▶ Data block
[Start of section]

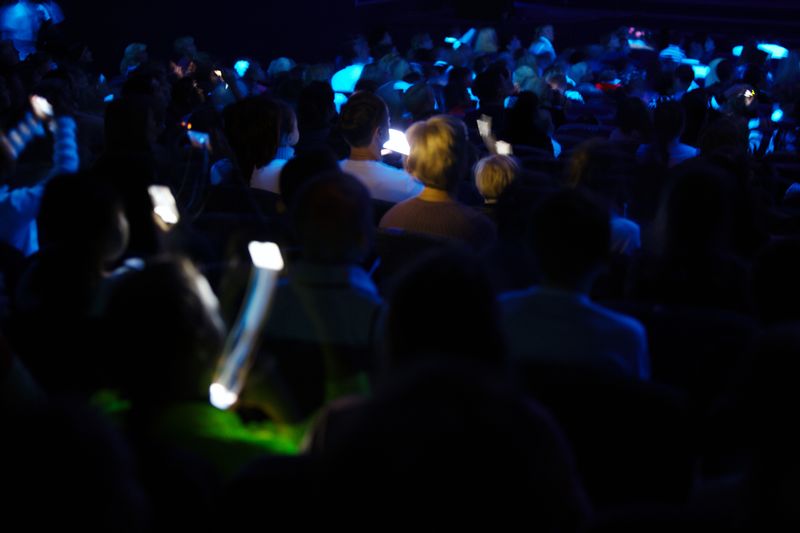Audience in a dark concert hall holding light sticks under blue stage lighting.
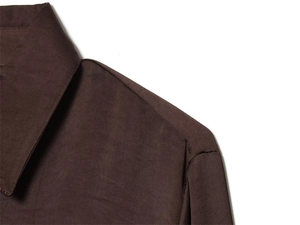 Vue détaillée du col pointu et de la couture d'épaule d'une chemise en satin marron foncé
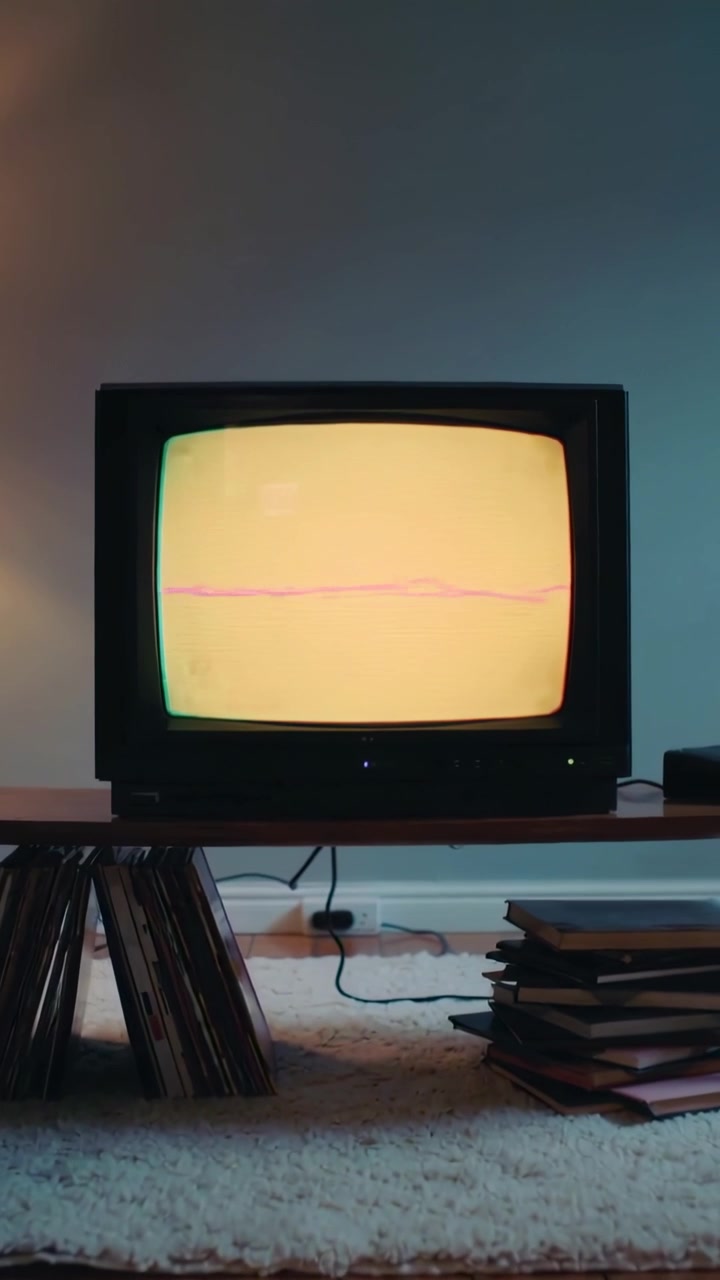 Video verticale: TV CRT che mostra un glitch del segnale, formando linee di scansione rosa su una panca a casa.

[End of section]

▶ What you are asked to do
Print all of the data exactly, and do not carry over any pictures.

▶ Reply to the exercise
Audience in a dark concert hall holding light sticks under blue stage lighting.
 Vue détaillée du col pointu et de la couture d'épaule d'une chemise en satin marron foncé
 Video verticale: TV CRT che mostra un glitch del segnale, formando linee di scansione rosa su una panca a casa.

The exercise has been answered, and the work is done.